I can recall envying the free spirits I saw around me, particularly on campus, those long-haired kids who seemed at the time to be about the future. I went through the same thing down in the Village, but however much I wanted to grow my hair long, my first two years at a Christian Brothers high school, with its strict rules about everything, made that impossible (and at any rate, in the summers when I tried to let my hair grow out, my usually
taciturn father would take me over to Broadway to get a trim—“You don’t want to look like a marica, do you?” I recall him saying).

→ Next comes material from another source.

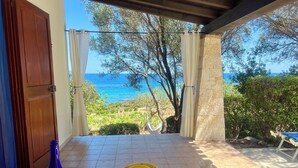 A terrace with a table set for a meal, a bottle, and a glass of wine, overlooking a scenic view of the sea and greenery. - House "The two Lapwing" (semi-detached portion) (Marina di Tertenia, Tertenia (OG))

But I still pined away for that freedom. My idols, if I had any aside from the guys who wrote and drew the comic books I still read, were those icons of the British Invasion, from the Beatles to the Rolling Stones, along with some very odd ones thrown in, like the girlish California band the Hullabaloos, whose records I must have listened to a thousand times over, along with those of Manfred Mann, on countless afternoons at Richard’s place downtown on West End Avenue, where the experience was heightened by the occasional drink or, if Tommy was around, by the offering of a joint to smoke. (But I had to be very cool whenever I’d come home.) Since I really had so little identity of my own—except as this “son of cubanos” who had once been sick and didn’t much identify with Latin culture in general, for when I’d hear any Spanish songs, they always sounded passé and locked in some perpetual, unchanging past, and I didn’t even consider my Spanish anything I should try to improve upon—I spent those years trying to become anything else but what I should have been, Oscar Hijuelos.

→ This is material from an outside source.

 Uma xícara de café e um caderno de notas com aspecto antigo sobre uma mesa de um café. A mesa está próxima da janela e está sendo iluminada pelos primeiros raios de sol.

While at Hayes, on those mornings when I’d leave my job without a prayer of making all the connections on time to the Bronx, I was often late coming to classes and spent most afternoons in detention. Altogether, it was the kind of school where the teachers, if they thought you were smirking or expressing a less than reverent attitude in class, made you pay for it. Getting slapped, being rapped in the knuckles with a ruler, or having someone squeezing the back of your neck with all his strength until you would finally say, “Yes, sir”—or worse, teachers who were known to take smart-ass kids into the gym and have it out with them in boxing matches—became a part of the daily experience. A good number of those Christian brothers seemed so certifiably gay and effeminate as to become the brunt of jokes, but most were pretty tough Irish guys who, coming up the hard way but taking the righteous path earlier in their lives, would brook no disrespect. If you as much as missed a homework assignment, you were sent into detention for a week and saddled with even more work than you could have dreamed up. I say this fondly because Hayes was good for someone like me, whose attention easily wandered.